CAIRO: Dozens of Helwan residents protested Wednesday outside the Shoura Council against a Cabinet decision to divide a constituency represented by Member of Parliament Mostafa Bakry.
The Cabinet had decided in a meeting Monday to present a draft decree before the Shoura Council (the Upper House of the Parliament) to cancel constituency number 25 and merge it with another represented by MP Sayed Meshal, who is also the Minister of State for Military Production.
Bakry’s brother, Mahmoud, explained that by doing this, the constituency where Bakry has gained a wide popularity will no longer exist by the coming election, which may compromise his potential to win a parliament seat in the coming round.
“Bakry has always been kind and generous to the constituency residents, offering help to poor girls getting married and providing opportunities for old women to go for Hajj and Umrah,” Fayza Ahmed, from Arab Al-Wadi area, told Daily News Egypt during the demonstration.
“Who would serve us like this other than him,” the elderly woman added.
Another protester spoke of Bakry’s success in managing the gas cylinders and sewage water leakage crises that they suffered from and distributing blankets every winter.
“Bakry has always supervised these procedures himself. We would never accept any MP other than him,” he said.
Bakry has accused MP and businessman Ahmed Ezz, the leading National Democratic Party (NDP) member, of being behind the decision.

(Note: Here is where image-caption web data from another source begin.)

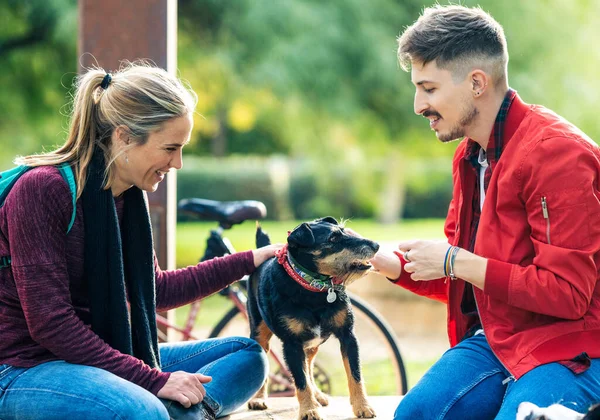 Two friends petting a small dog while sitting in a wall of a park — Foto Stock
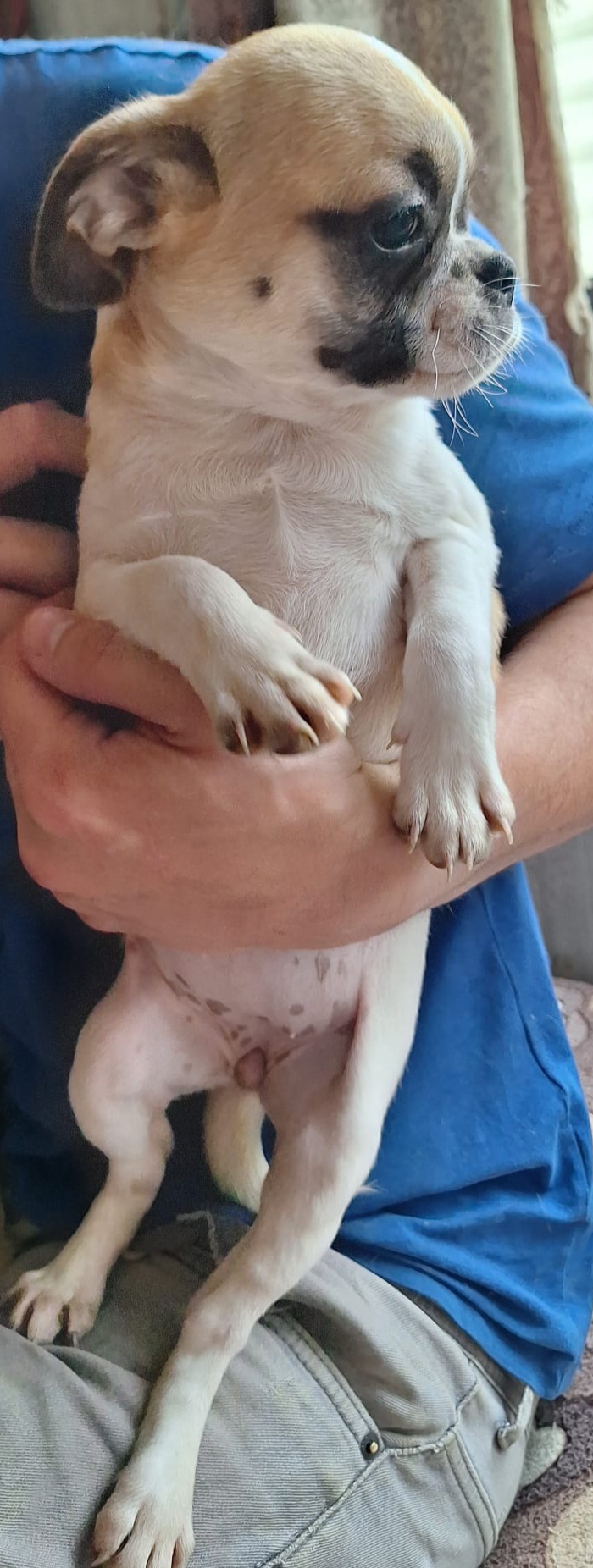 Dog Image
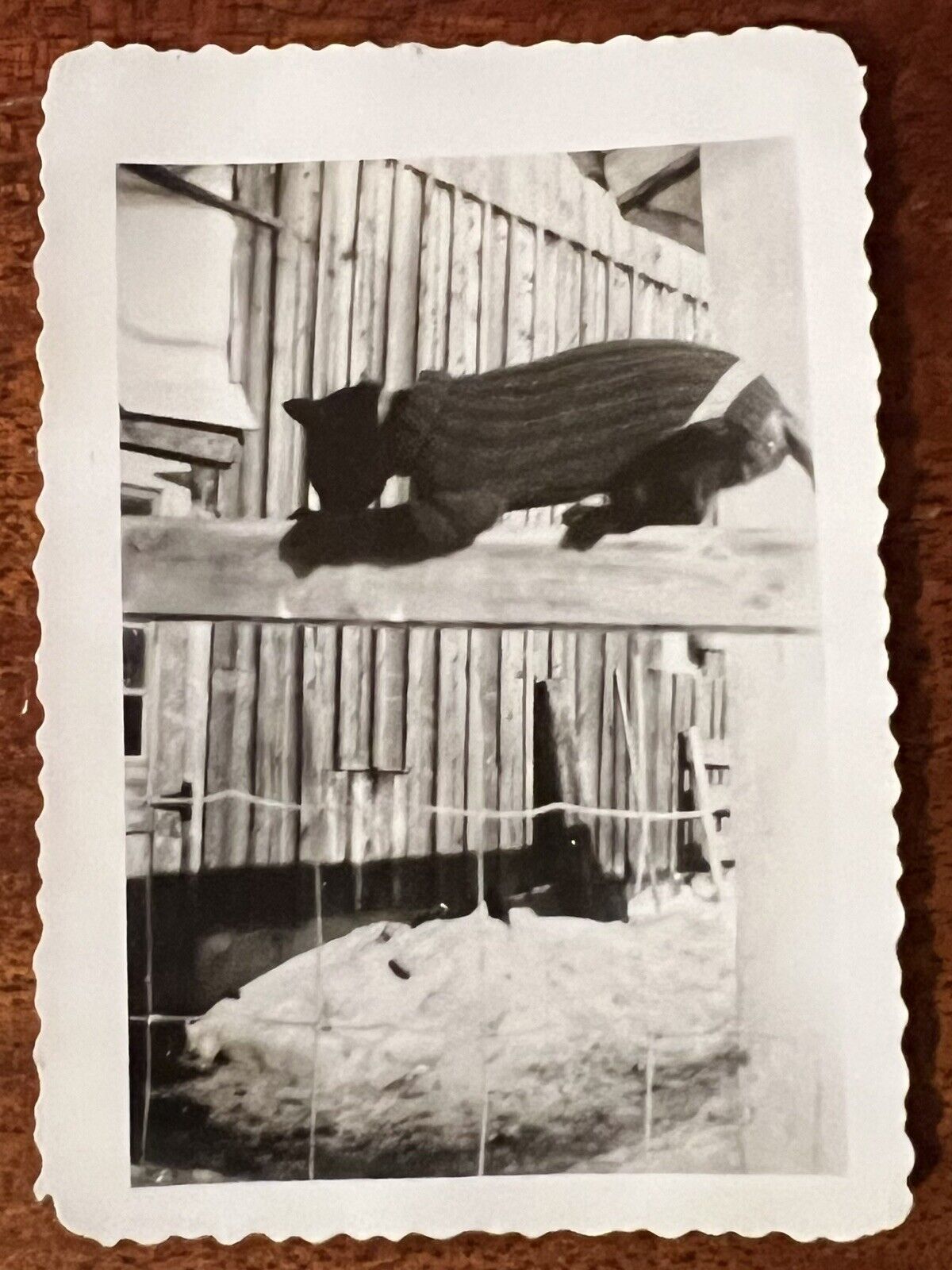 VTG c.1939 Photo Clever Black Cat in Knit Sweater Investigates Farm Weird Humor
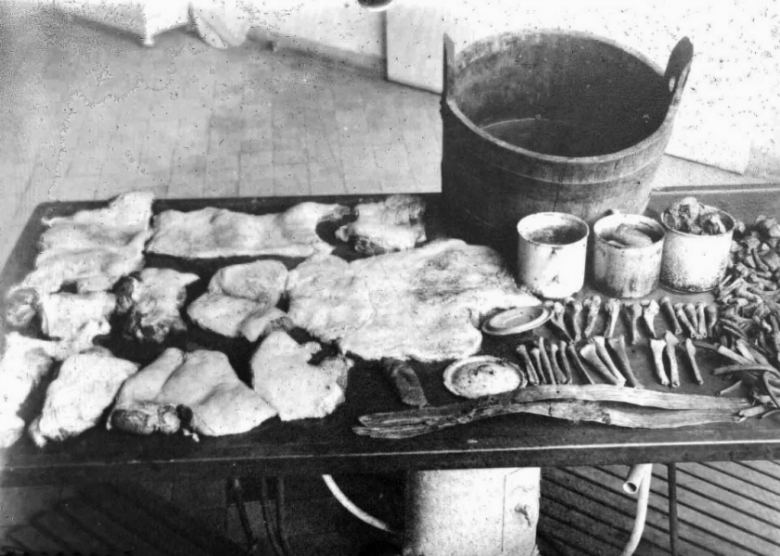 Zbrodnie na slajdach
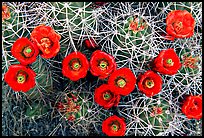 Claret Cup Cactus with flowers. Joshua Tree National Park, California, USA. (color)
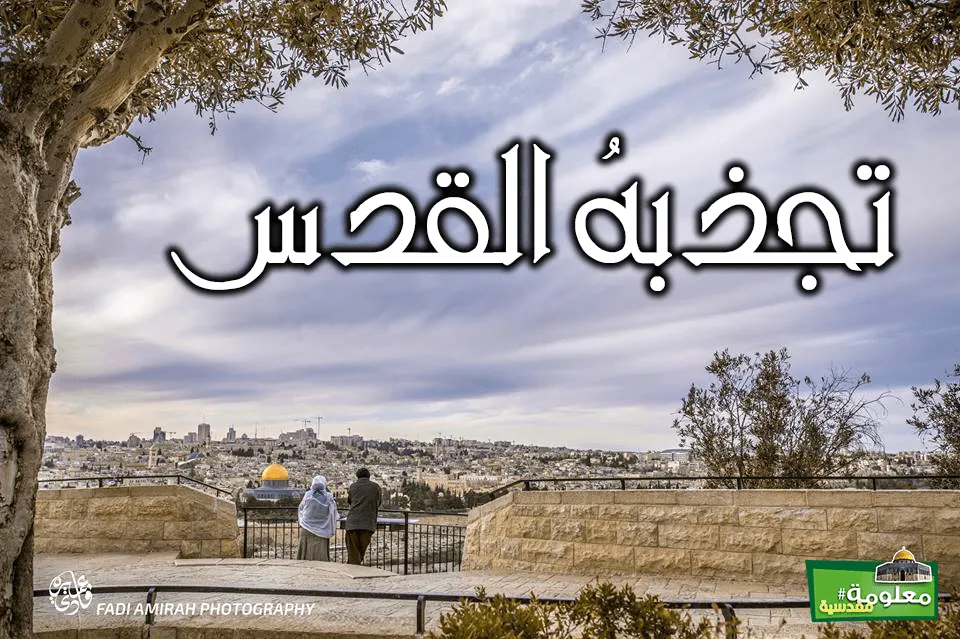 تجذبه القدس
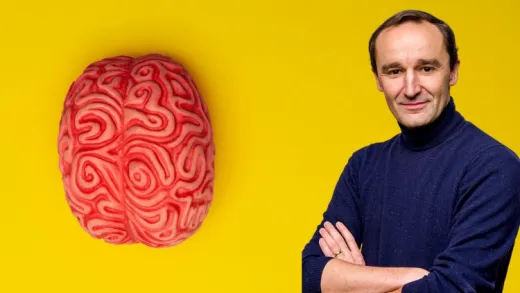 Neuroplasticidade:  Como Reconectar O Seu Cérebro
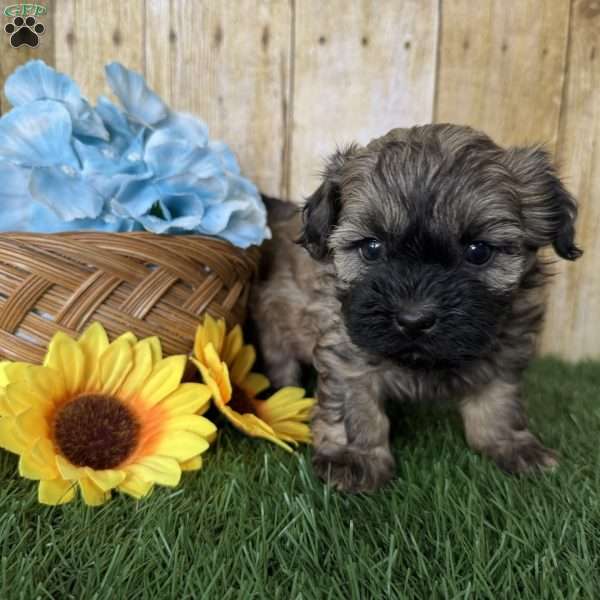 Ford, Shih-Poo Puppy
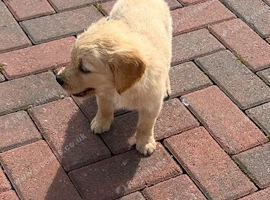 Golden retriever puppies kc registered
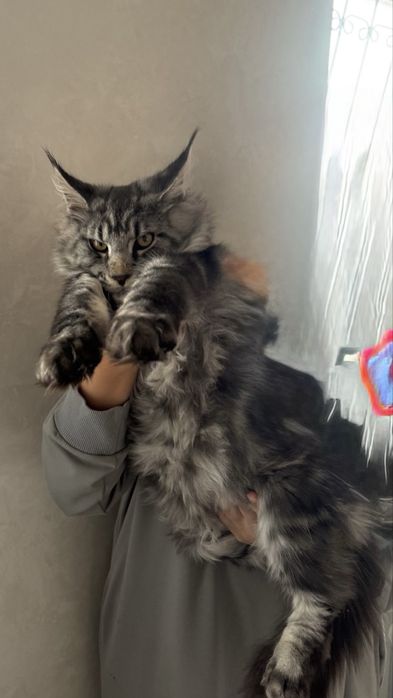 Игривый мейн кун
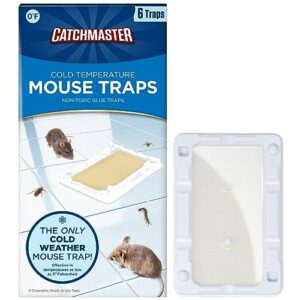 catchmaster cold weather mouse traps indoor for home 6pk, winter pest control adhesive tray for bugs, crickets, & spiders, pet safe glue traps for mice in basement, walk-in fridge, warehouse, & garage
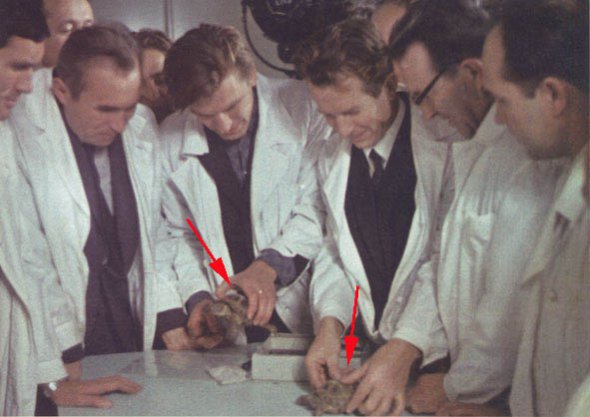 Осмотр черепах — первых животных, облетевших Луну в корабле «Зонд-5».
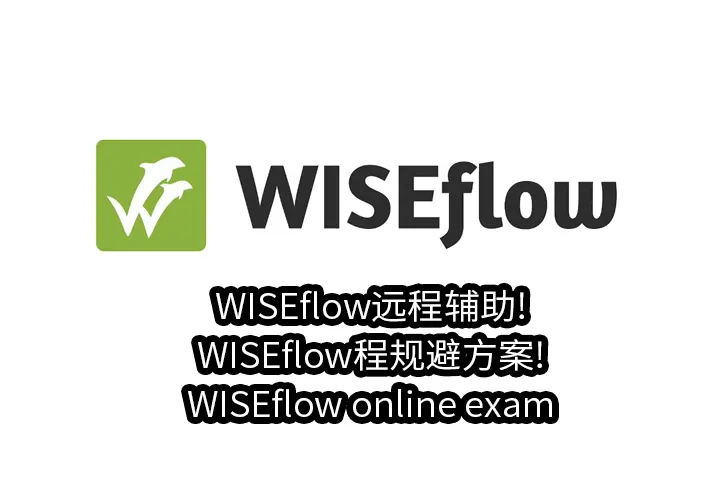 WISEflow远程辅助!WISEflow程规避方案!WISEflow online exam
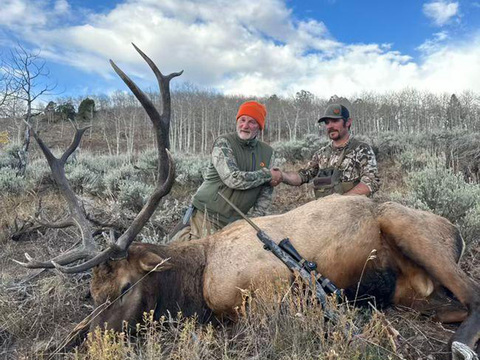 Colorado Gunnison Basin OTC Elk Hunt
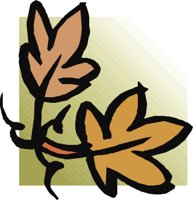 CRNRC256.CMX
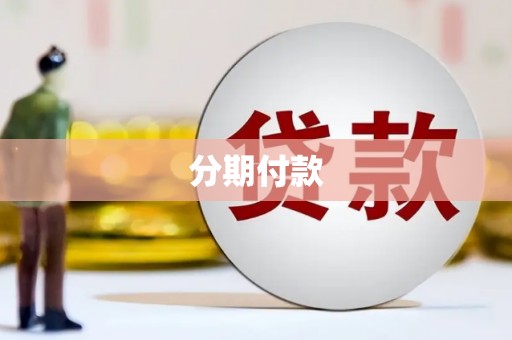 武清分期付款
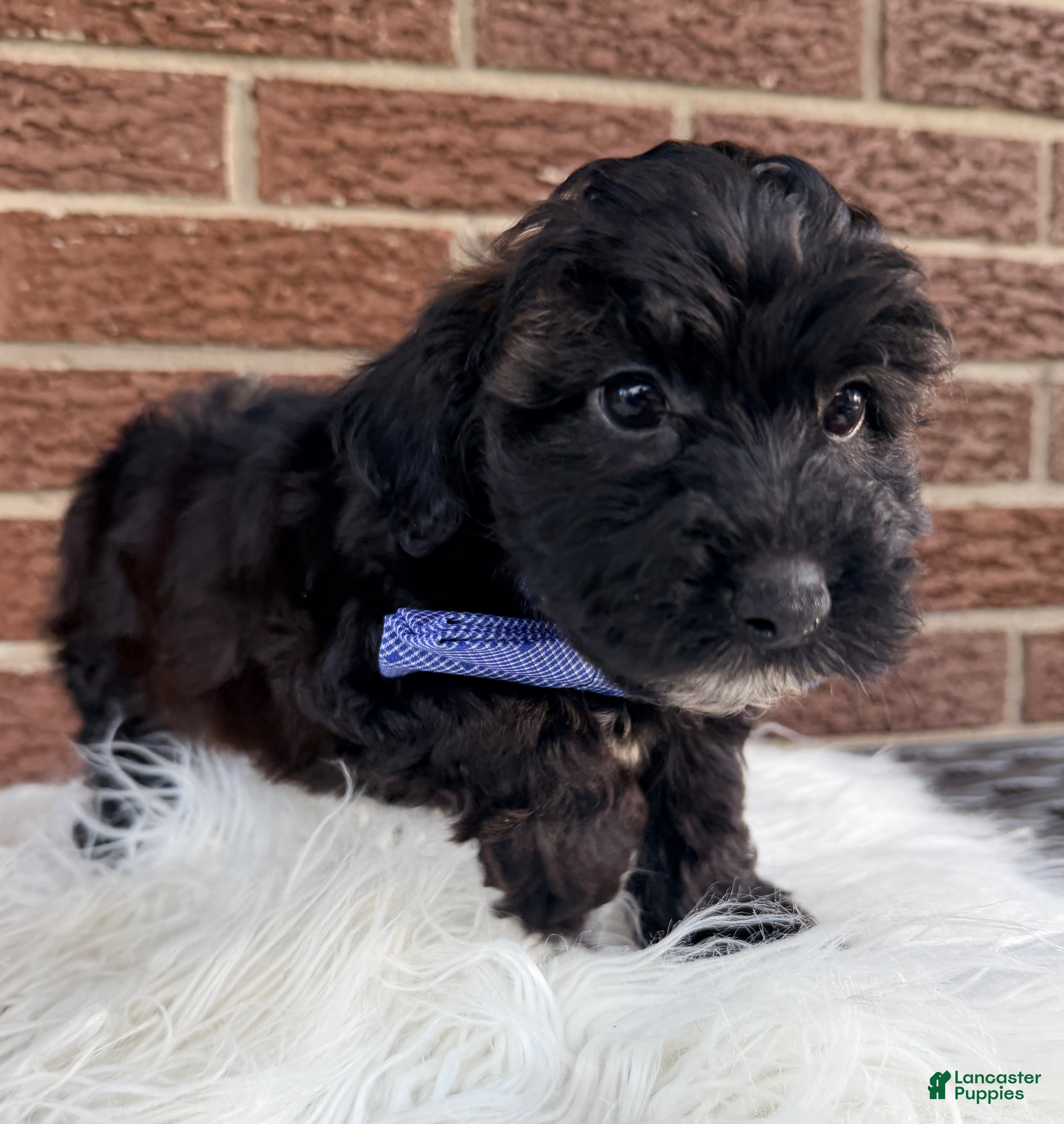 Yorkiepoo dogs Baxter - Ad 2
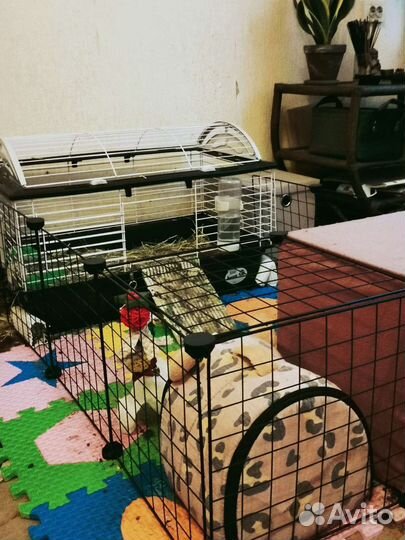 Морские свинки + клетка + вальер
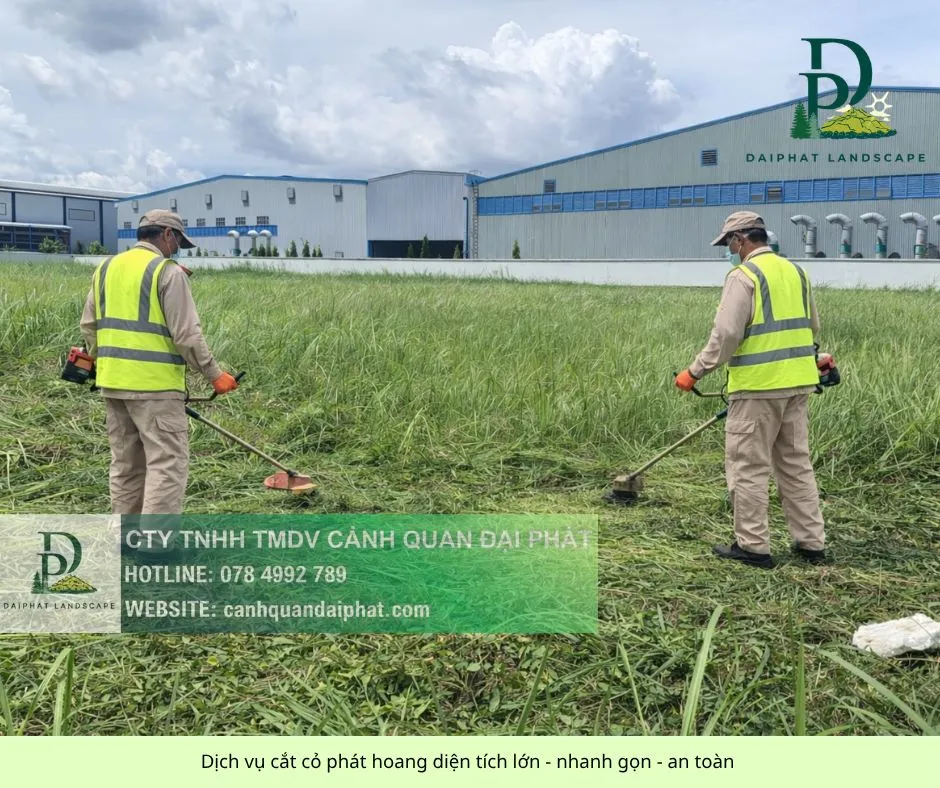 cắt cỏ diện tích lớn giá rẻ 19042026 2.webp
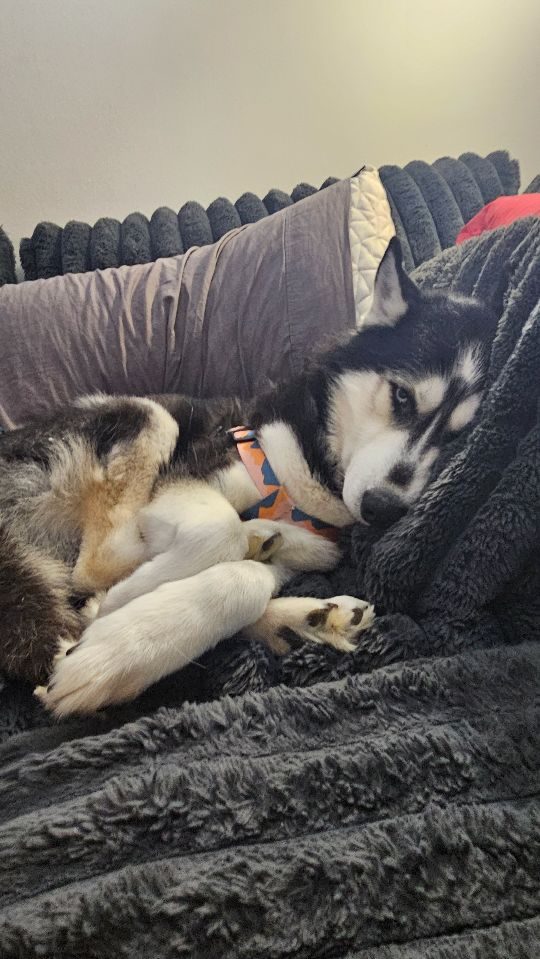 Mocha, lost dog, Husky
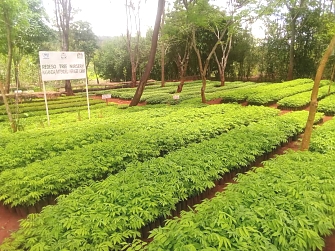 Kasanda Tree nursery established by REDESO at Nduta camp in Kibondo District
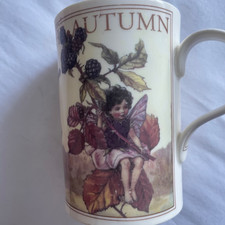 Flower Fairies Of The Autumn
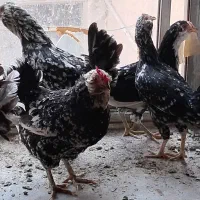 تخم مرغ گلیم|حیوانات مزرعه|تهران, سنگلج (شاپور)|دیوار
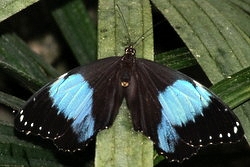 Morpho deidamia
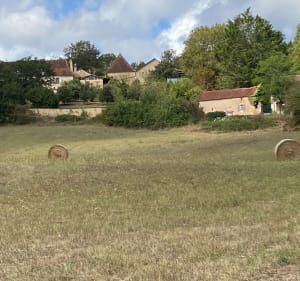 Boucles des genévriers et des fougères depuis Brouchaud. - Brouchaud - 2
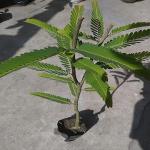 PLATONE Amla Plant_amla plant gbfuys pai(y337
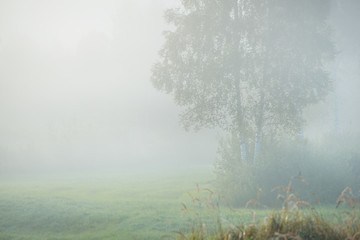 Obraz na płótnie Canvas Morning fog above the field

Bakry’s Al-Osbou, an independent weekly newspaper, accused Ezz of plotting against Bakry after the latter won the title of the most positive MP in a survey conducted in 2009 by the Cabinet’s Information and Decisions Support Center (IDSC). Ezz, on the other hand, took the title of the most negative MP by a similar survey.
In addition, Bakry had fiercely criticized Ezz and accused him of monopolizing steel, exposing facts about his acquisition of El Dekheila Steel.
Bakry is the executive editor-in-chief and board chairman of Al-Osbou.
“I will practice my legal and constitutional right to run for election…we are not (living) in Ezz’s estate (here),” Bakry said in a telephone interview with Orbit’s “Al-Qahira Al-Youm” nightly show.
Helwan residents will hold another protest Saturday morning.
“We will keep protesting until this decision is cancelled,” a protester told Daily News Egypt.